++++ DATA SECTION

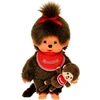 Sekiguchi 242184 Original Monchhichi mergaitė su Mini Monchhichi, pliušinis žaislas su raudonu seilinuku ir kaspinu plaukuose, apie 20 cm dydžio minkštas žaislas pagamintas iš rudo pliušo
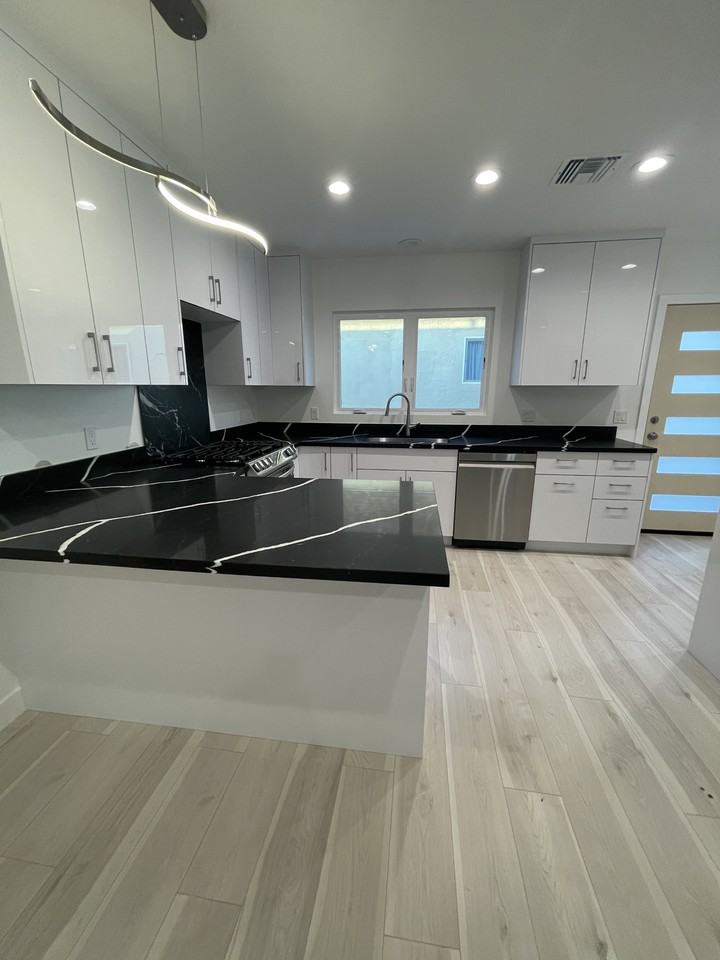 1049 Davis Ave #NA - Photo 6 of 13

++++++++
++++ DATA SECTION

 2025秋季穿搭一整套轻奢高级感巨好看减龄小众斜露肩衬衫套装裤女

++++++++

*WORK REQUIRED:* Only the lines starting at the one with "Sekiguchi 242184 Original" and ending at the one with "1049 Davis Ave #NA - Photo 6 of 13" should be printed, each exactly as it appears in the material above; the pictures are to be omitted.

*SOLUTION:*
 Sekiguchi 242184 Original Monchhichi mergaitė su Mini Monchhichi, pliušinis žaislas su raudonu seilinuku ir kaspinu plaukuose, apie 20 cm dydžio minkštas žaislas pagamintas iš rudo pliušo
 1049 Davis Ave #NA - Photo 6 of 13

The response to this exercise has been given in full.